The opportunity to personalize features in a mobile vehicle is ever increasing as the automobile is being transformed into a communications and entertainment platform as well as a transportation platform. Current projections indicate that some type of telematics unit to provide wireless communication and location-based services will be installed in a majority of new American cars by 2006. These services may be accessed through interfaces such as voice-recognition computer applications, touch-screen computer displays, computer keyboards, or a series of buttons on the dashboard or console of a vehicle.
Currently, telematics service call centers, in-vehicle compact disk (CD) or digital video display (DVD) media, web portals, and voice-enabled phone portals provide various types of location services, including driving directions, stolen vehicle tracking, traffic information, weather reports, restaurant guides, ski reports, road condition information, accident updates, street routing, landmark guides, and business finders.
For example, traffic and driving directions may be accessed through a voice portal that uses incoming number identification to generate location information based on the area code or prefix of the phone number, or to access location information stored in a user's profile associated with the phone number. Users may be prompted to enter more details through a voice interface. Other examples are web and wireless portals that offer location-based services such as maps and driving directions where the user enters both a start and end addresses. Some of these services may have a voice interface.

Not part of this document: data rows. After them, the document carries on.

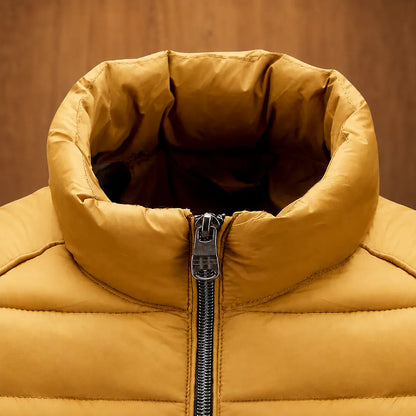 Stand Collar Puffer Jacket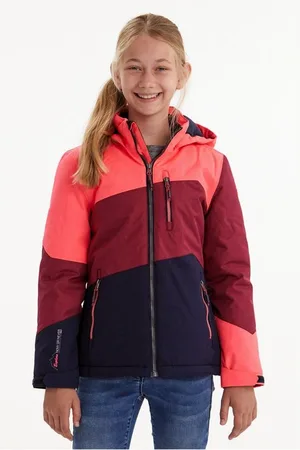Killtec Outdoorjacke Lynge GRLS JCKT B Wasserdichte Winterjacke mit Kapuze, Fleece, verstellbaren Ärmeln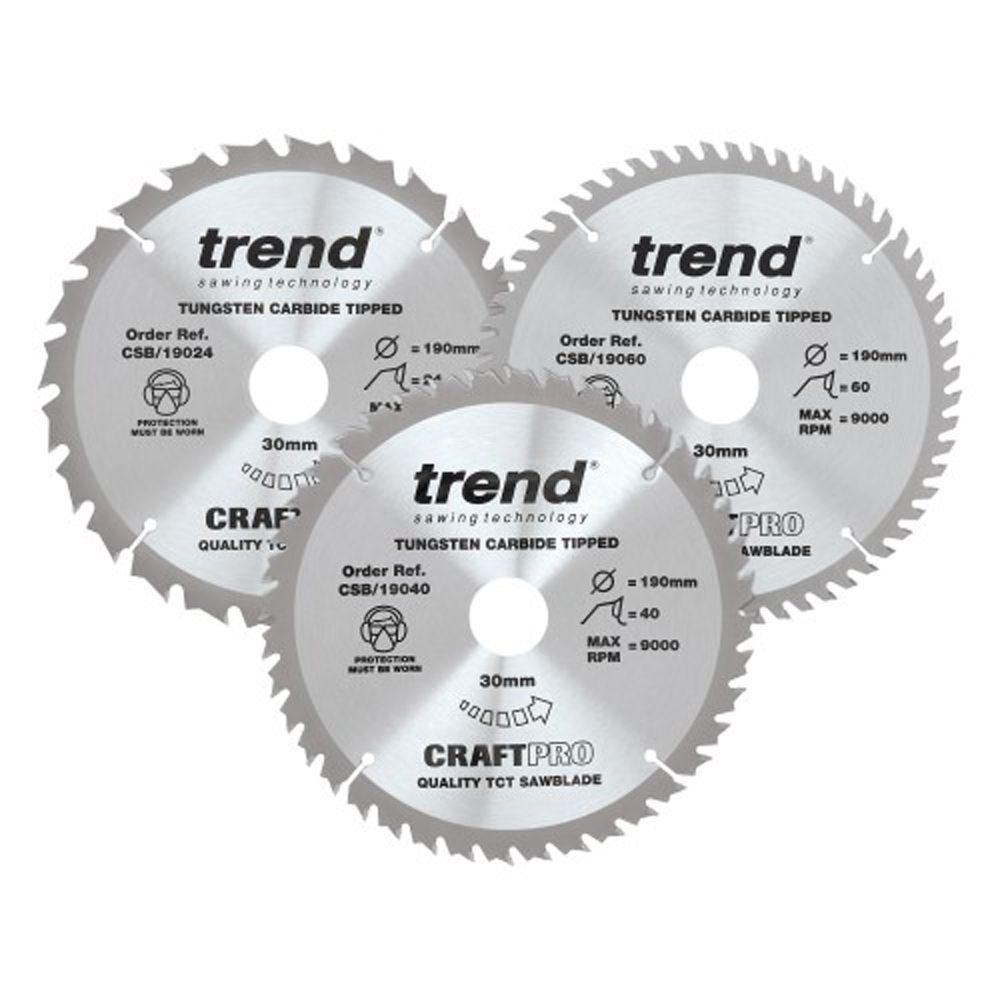 Trend CSB/190/3PK 190mm Craft Saw Blade Triple Pack Price Comparisons | Compare The Build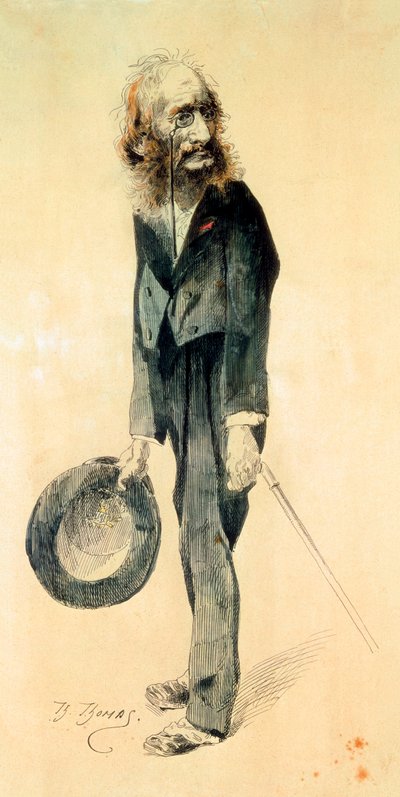 Jacques Offenbachin muotokuva tekijältä Th. Thomas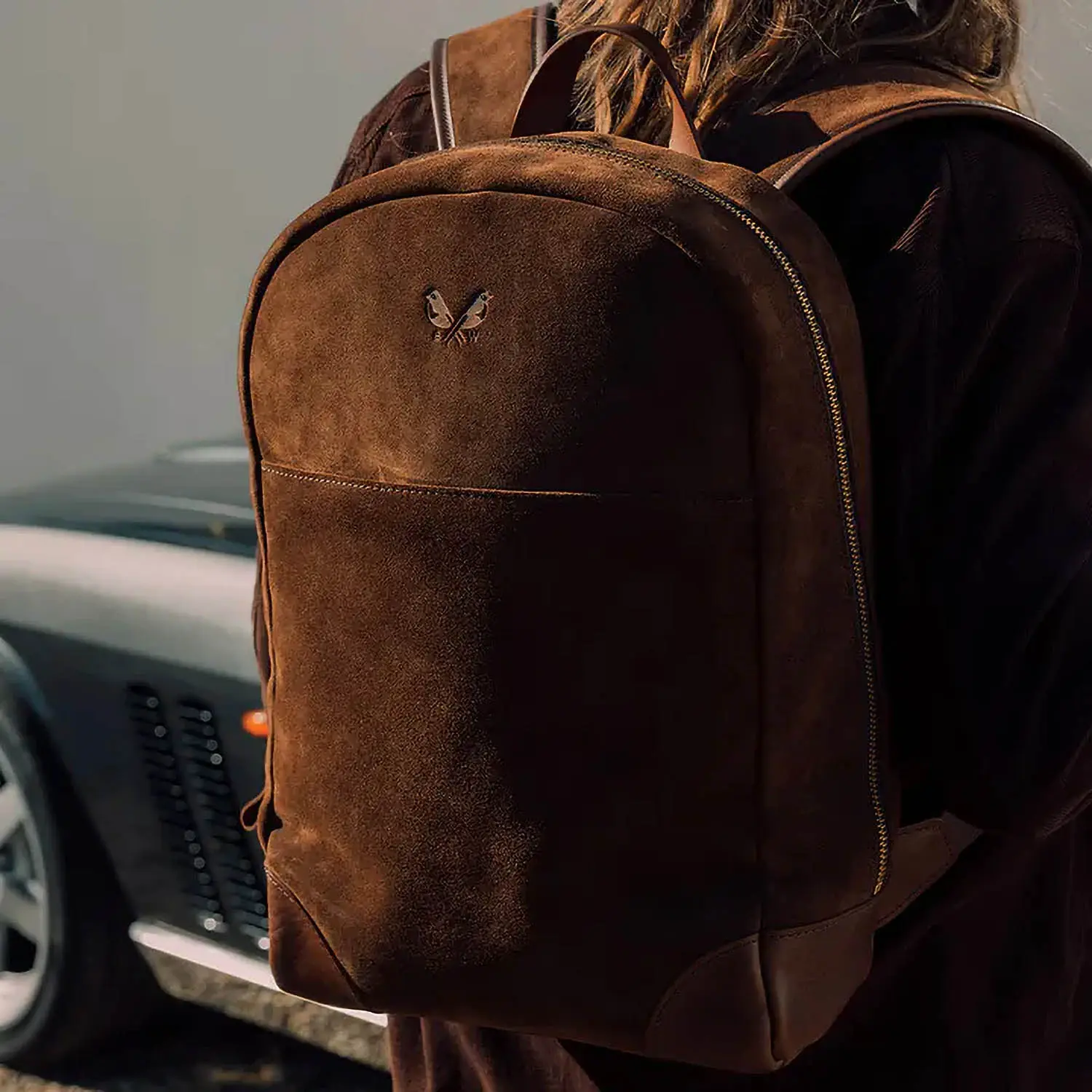 Bennett winch Suede Backpack (Tobacco Brown)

The location-based services described above and current telematics services available in vehicles do not provide a way by which a user may send a series of voice messages to several different recipients by speaking the recipients' names and correlated messages into a phone for delivery after all the messages are spoken and the user has terminated the connection with the automated voice messaging system. Additionally, this service is not available on any home or business based voice messaging systems.
It is desirable, therefore, to provide a method, computer usable medium and system that overcomes the limitations described above by allowing a user to send a series voice messages to several recipients during one system interaction.